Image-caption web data
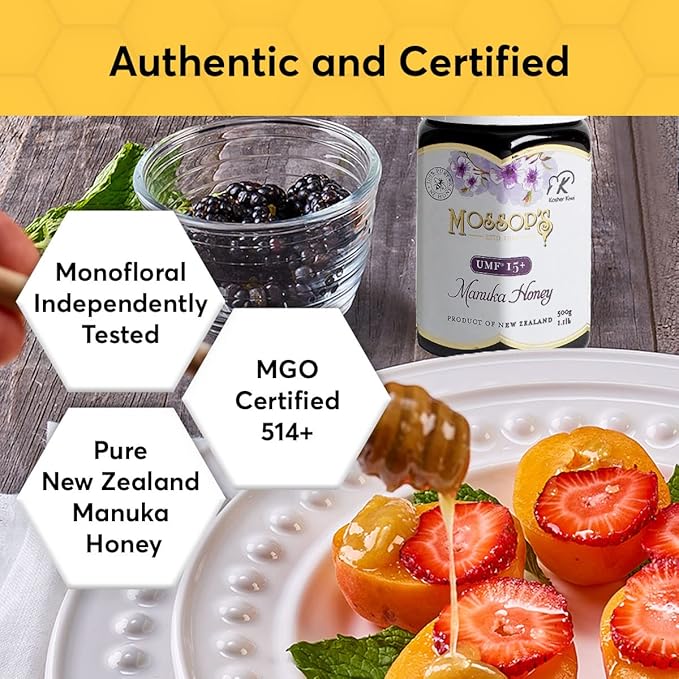 P.R.I Mossop’s Manuka Honey UMF 15+, MGO 514+ 1.1lb New Zealand Raw Monofloral Manuka Honey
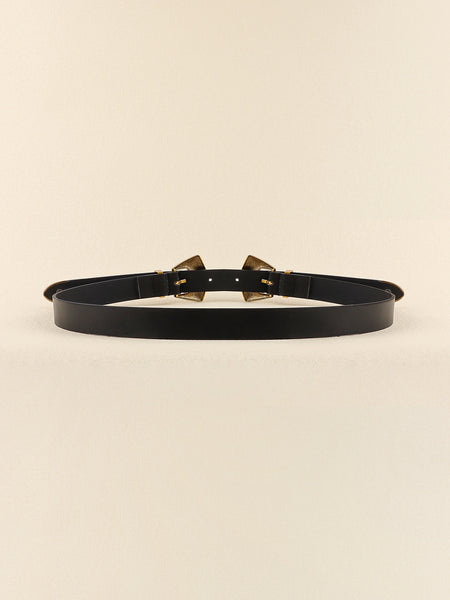 Double Buckle PU Leather Belt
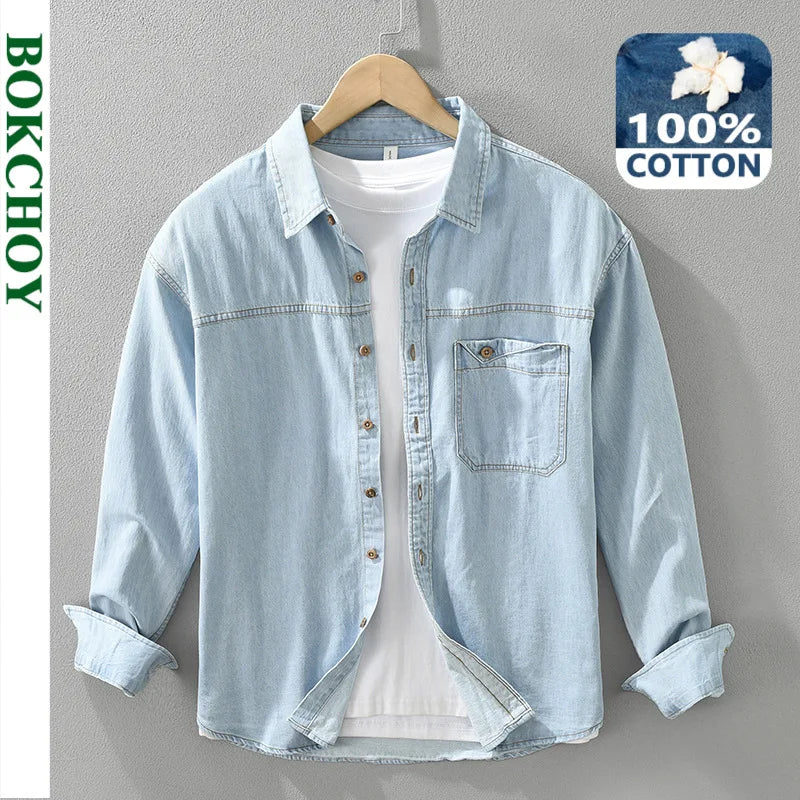 Camicia Uomo Denim 100% Cotone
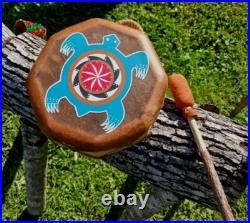 BEAUTIFUL NATIVE AMERICAN NAVAJO COCHITI PAINTED DRUM 1950s HTF RARE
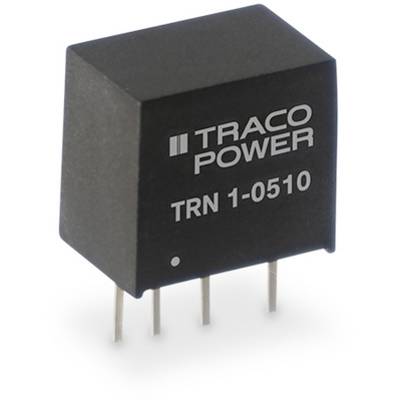 Čierny elektronický komponent s nápisom 'TRACO POWER TRN 1-0510' vedľa troch kovových kolíkov.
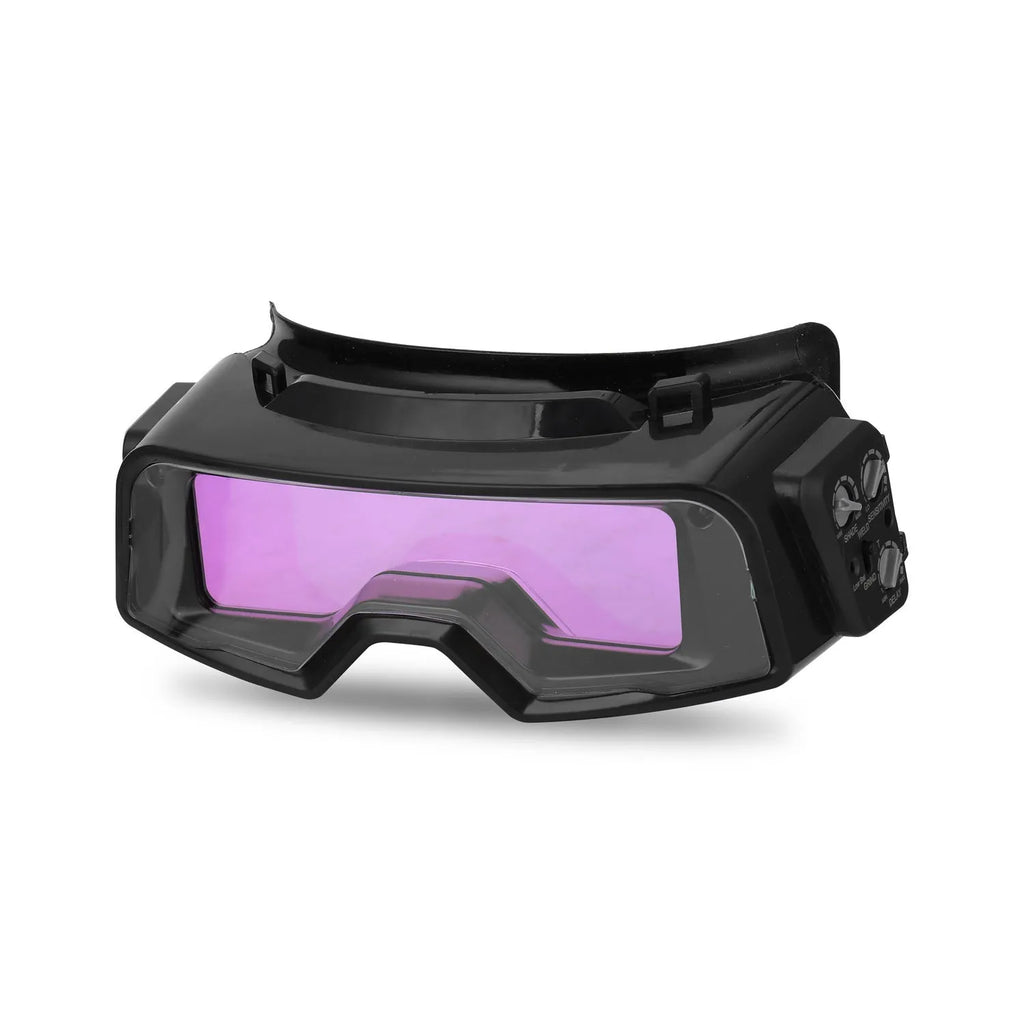 Black automatic darkening welding mask with large viewing lens and headstrap.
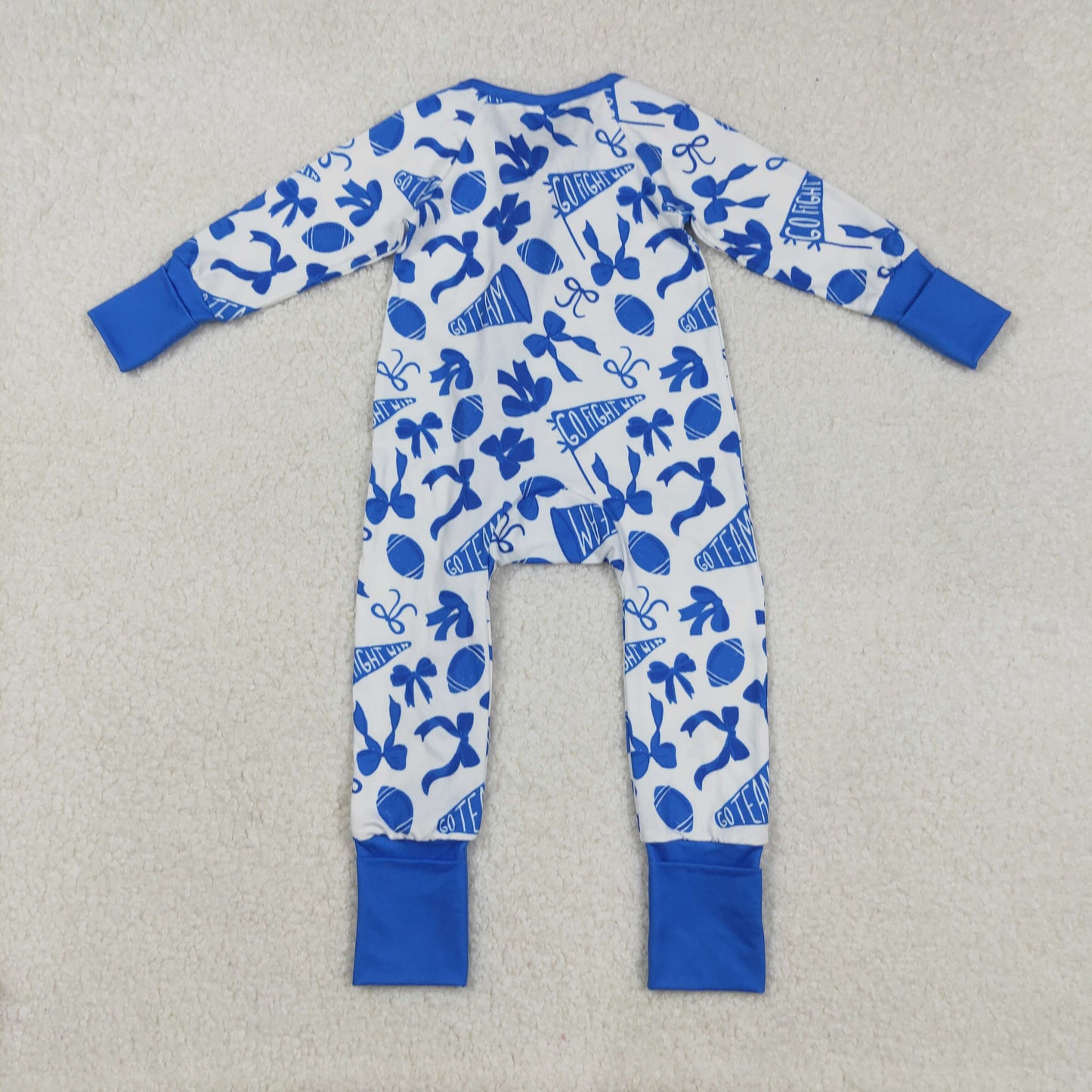 blue go team football ruffle zipper sleeper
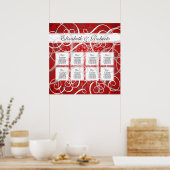 クリスマスパーティー赤い渦巻き8テーブル座席表 ポスター (キッチン)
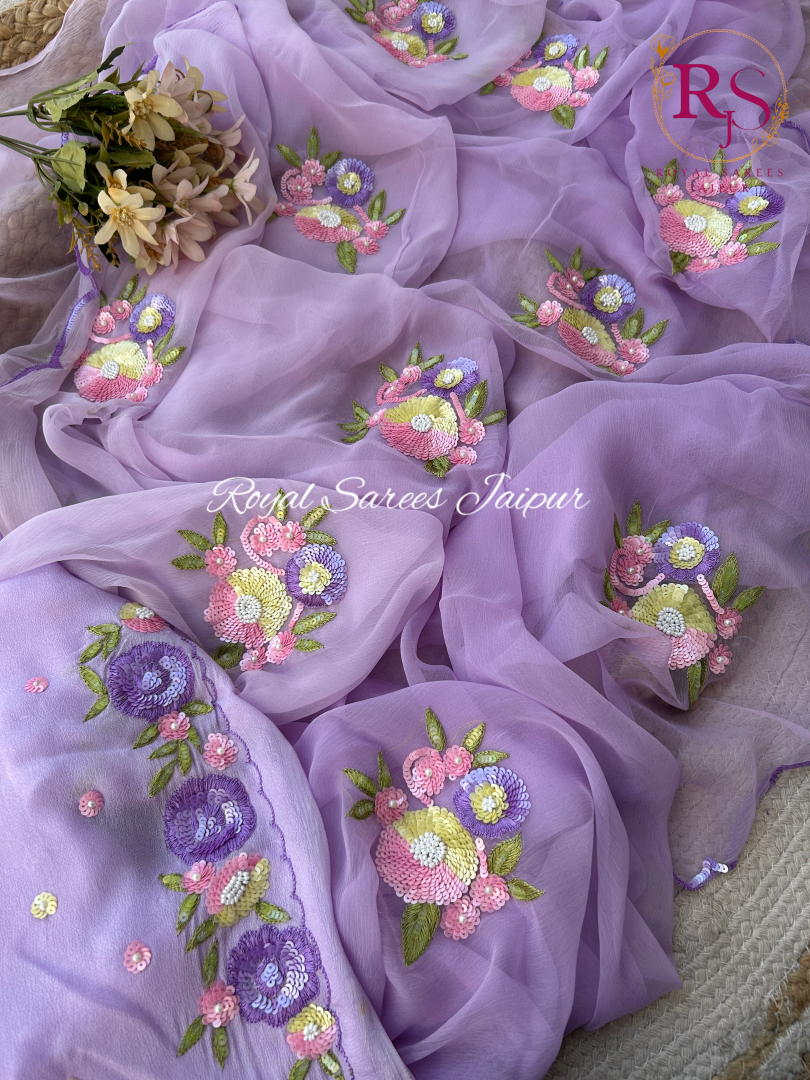 Lavender Blossom Diamond Chiffon Saree with Hand-Embroidered Sequins And Thread Florals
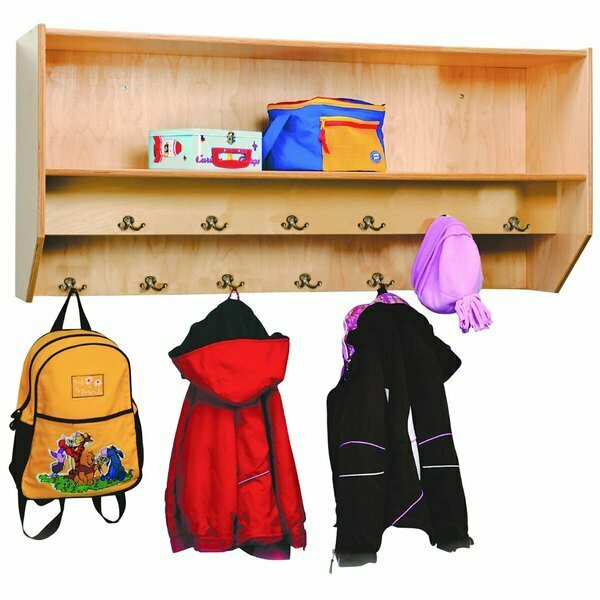 Whitney Brothers WB1056 48'' Children's Double Row Wall Mount Wood Coat Rack with 12 Double Hooks 9461056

— Problem to solve —
Write out exactly the run of lines above that starts at the line containing "Camicia Uomo Denim 100% Cotone" and ends at the line containing "Black automatic darkening". Include both, and leave the pictures out.

— Result —
 Camicia Uomo Denim 100% Cotone
 BEAUTIFUL NATIVE AMERICAN NAVAJO COCHITI PAINTED DRUM 1950s HTF RARE
 Čierny elektronický komponent s nápisom 'TRACO POWER TRN 1-0510' vedľa troch kovových kolíkov.
 Black automatic darkening welding mask with large viewing lens and headstrap.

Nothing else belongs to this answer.